Strona 246 z 542

: 04 gru 2007, 18:24
autor: edit53
eVe80, gratuluje !!!!!!!!!!co do jutrzejszej wizyty to czymam kciuki zeby dzidzia nie byla taka uparta jak moja i pokazala co ma miedzy nozkami :ico_haha_01: :ico_brawa_01:
ja jezdzilam dzis po marketach za mikolajem i narazie kupilam tylko mojej chrzesnicy lale a jeszcze zostal synek i chrzesnica krzyska ,zbankrutowac mozna przy tych cenach :ico_olaboga:

: 04 gru 2007, 18:35
autor: asika82
masz racje edit ceny są straszne! byle jaka zabawka kosztuje majątek a jak trzeba wiecej dzieci obdarować to sumka sie pokażna zbierze.
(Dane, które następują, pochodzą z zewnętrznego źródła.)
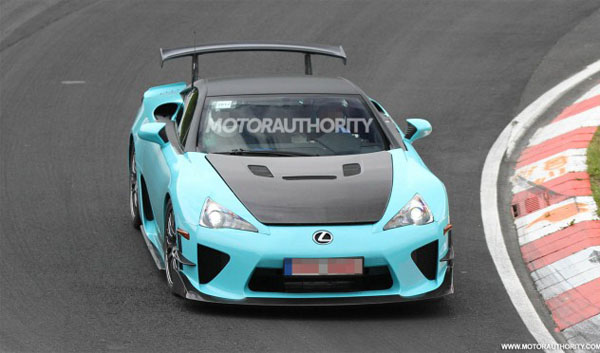 Шпионские фотографии новой версии Lexus LFA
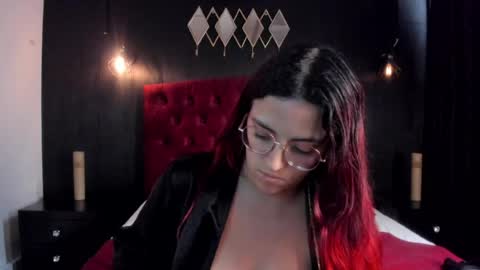 Snapshot of laia_jonees chatting on 04.29.26 Laia online show from 04.29.26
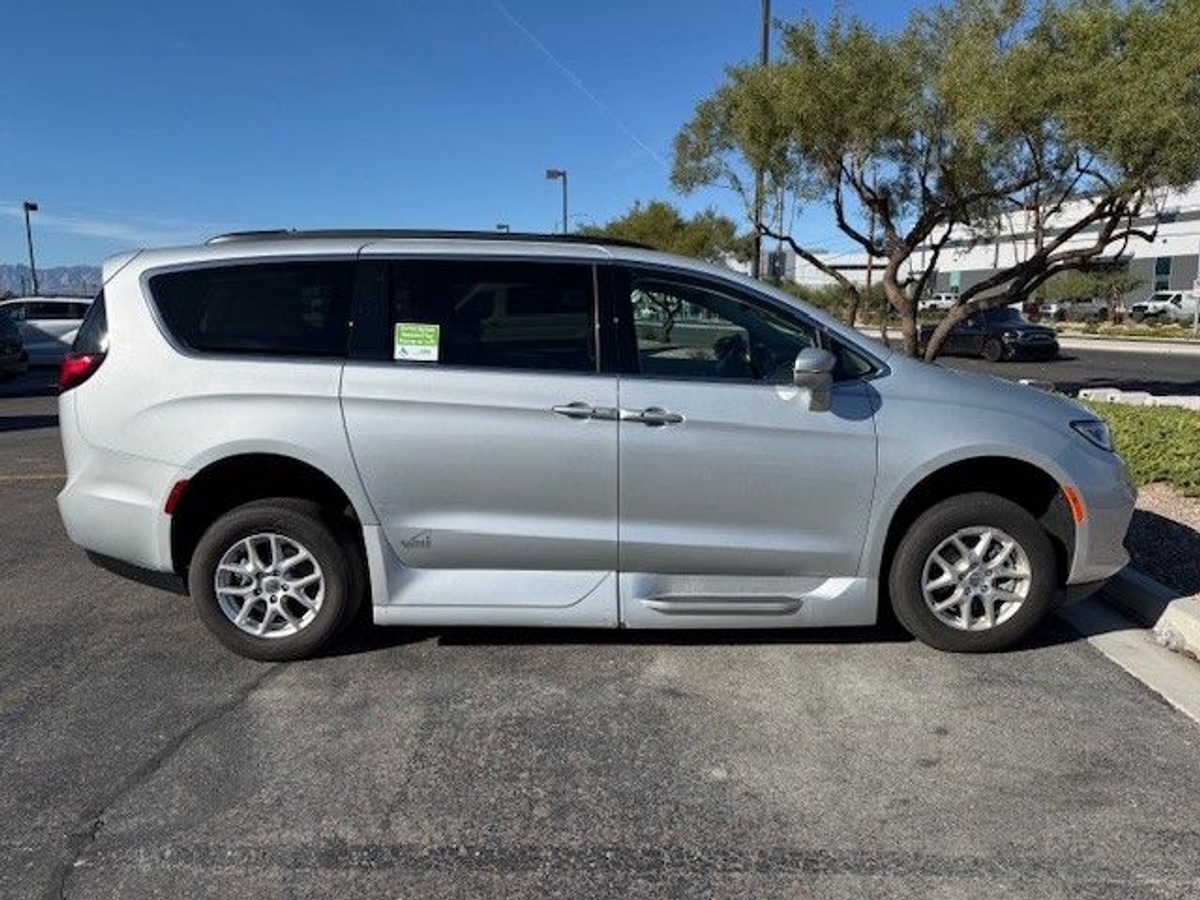 Silver Chrysler Pacifica image number 4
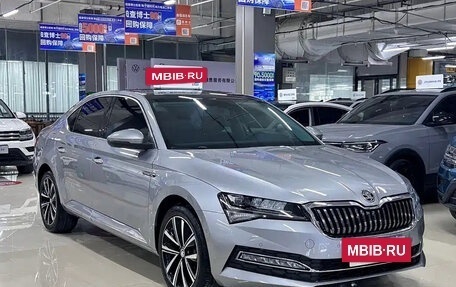 Skoda Superb III рестайлинг, 2024 год, 1 900 000 рублей, 3 фотография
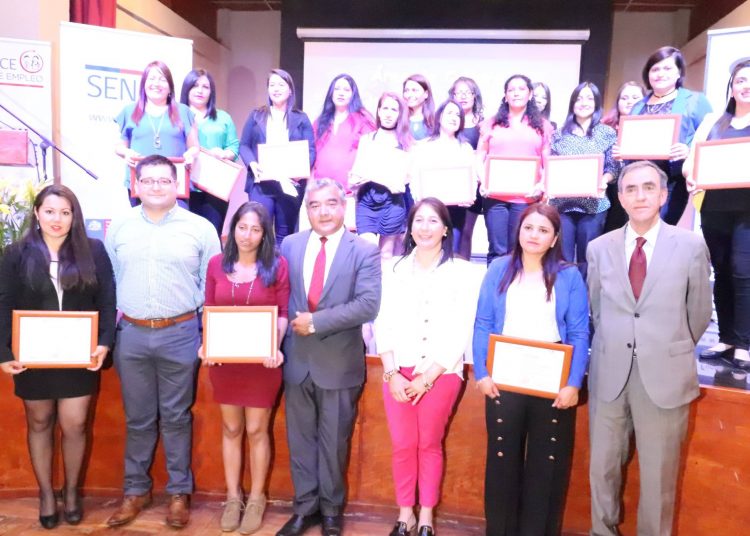 25 mujeres de Quirihue se capacitaron como auxiliares administrativas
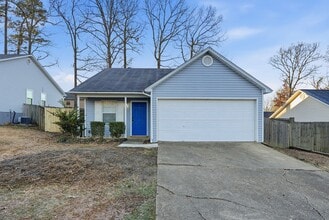 Building Photo - Home in Benton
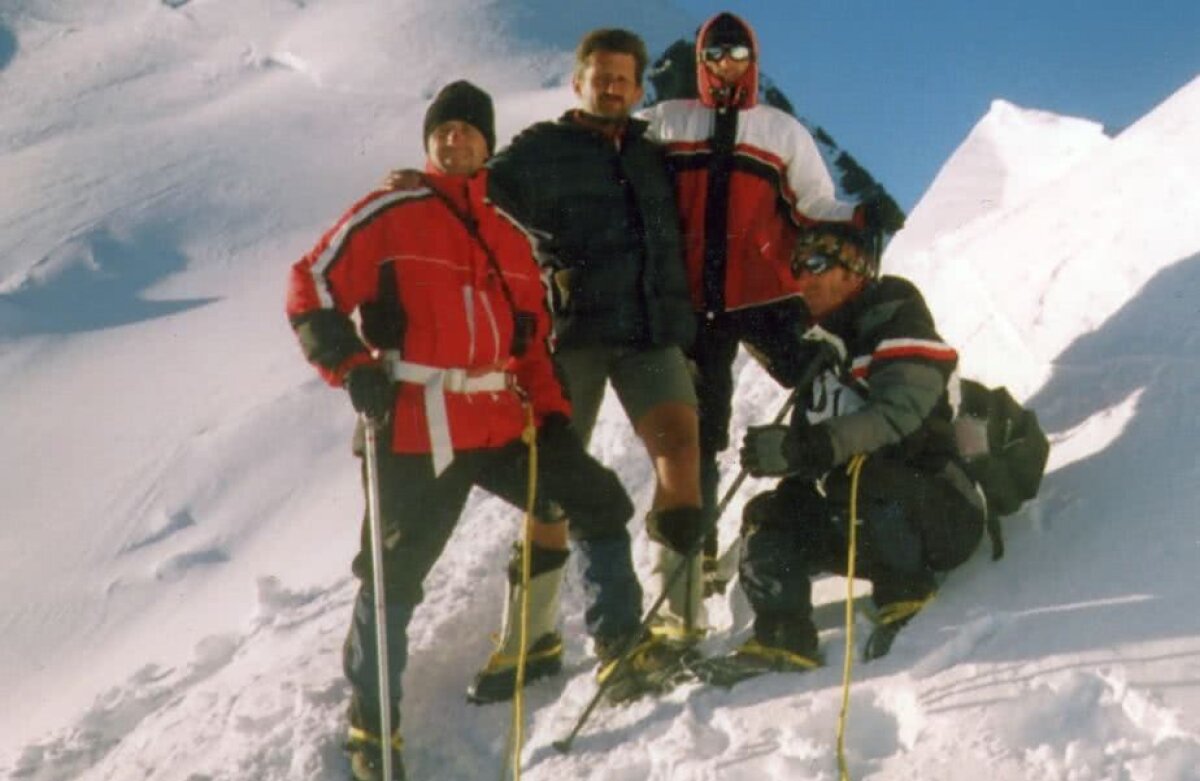 Votul lor contează la fel // Special GSP: Un om de afaceri exotic din nordul Moldovei: "«Beculețul» pentru vot mi se aprinde în noaptea dinaintea alegerilor"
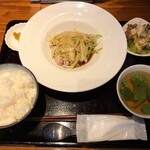 いざかやごはん ナカヤン - 蒸し鶏のネギ油ソースランチ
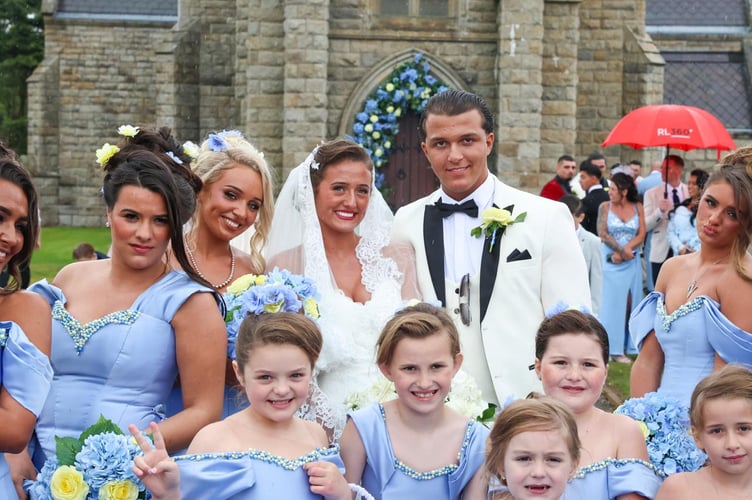 Venezuela Fury with new husband Noah Prince with the couple's wedding party (Credit: CJS Photography)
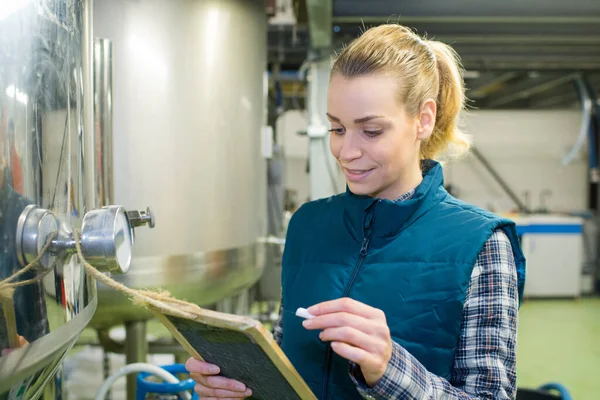 Werknemer Die Het Bord Schrijft Waarop Container Wordt Geëtiketteerd — Stockfoto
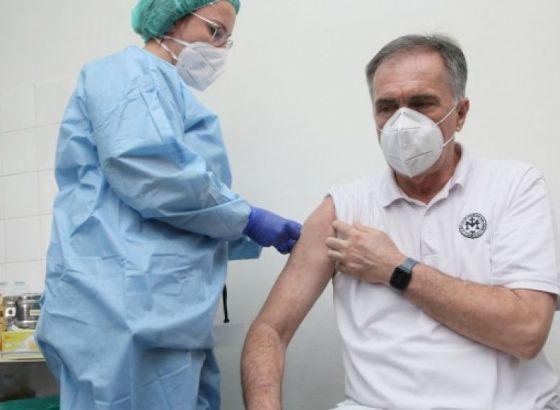 Dr DRLJEVIĆ ZA START TRI SEDMICE NAKON VAKCINISANJA: Očekivane reakcije, juče sam radio antitijela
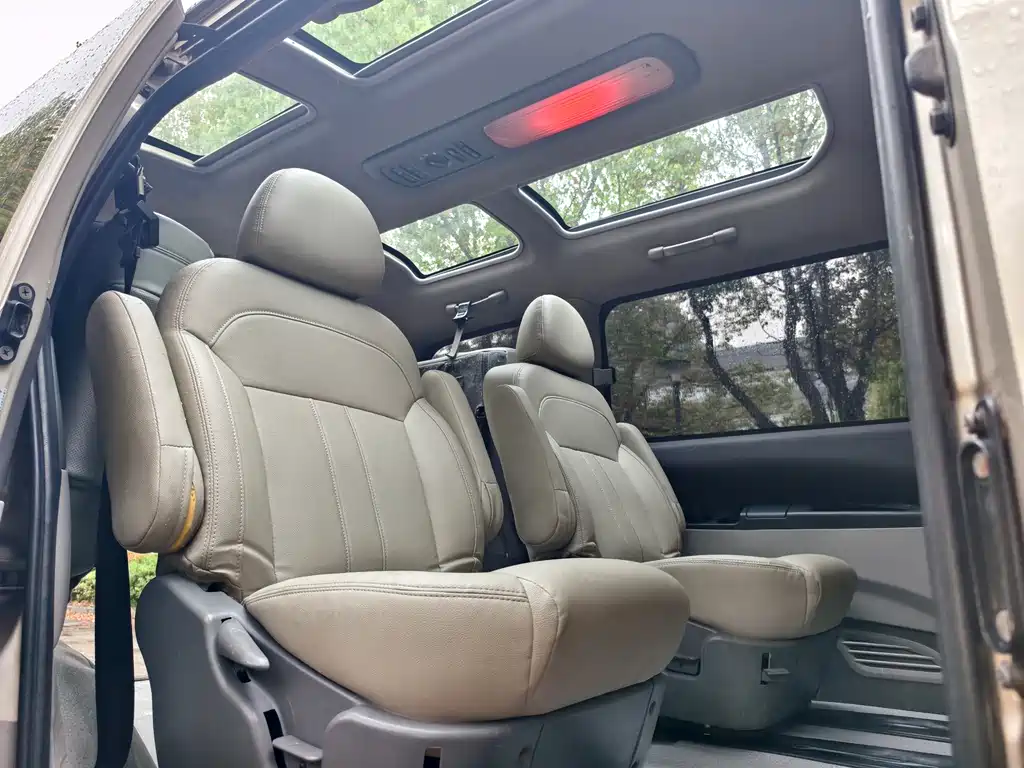 Dongfeng Lingzhi 2016 M3 1.6L 7-Seater Luxury Edition China IV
Magda sz. mowi, ze u nich są o wiele tańsze zabawki a zarobki przeciez nieporównywalnie wyższe.

: 04 gru 2007, 18:37
autor: edit53
asika82, dokladnie a zwlaszcze te zabawki co reklamuja ,ceny koszmarne a w rzeczywistosci to badziewia jakich mało,nic szczegolnego :ico_puknij: dzis znalazlam lalke za.....280zł,bobas wielofunkcyjny zwarjowalam :ico_olaboga:

: 04 gru 2007, 18:44
autor: Emma
mój A. kupuje zabawki Emi w NL, sporo tańsze, pamiętacm jak kupił jej tam tygryska gadaco-skakajacego z Disneja za 5 euro u nas takie same były po 55 zł,albo chou chou na wyprzedazy ze 180 euro na 50.U nas to zdzierswto.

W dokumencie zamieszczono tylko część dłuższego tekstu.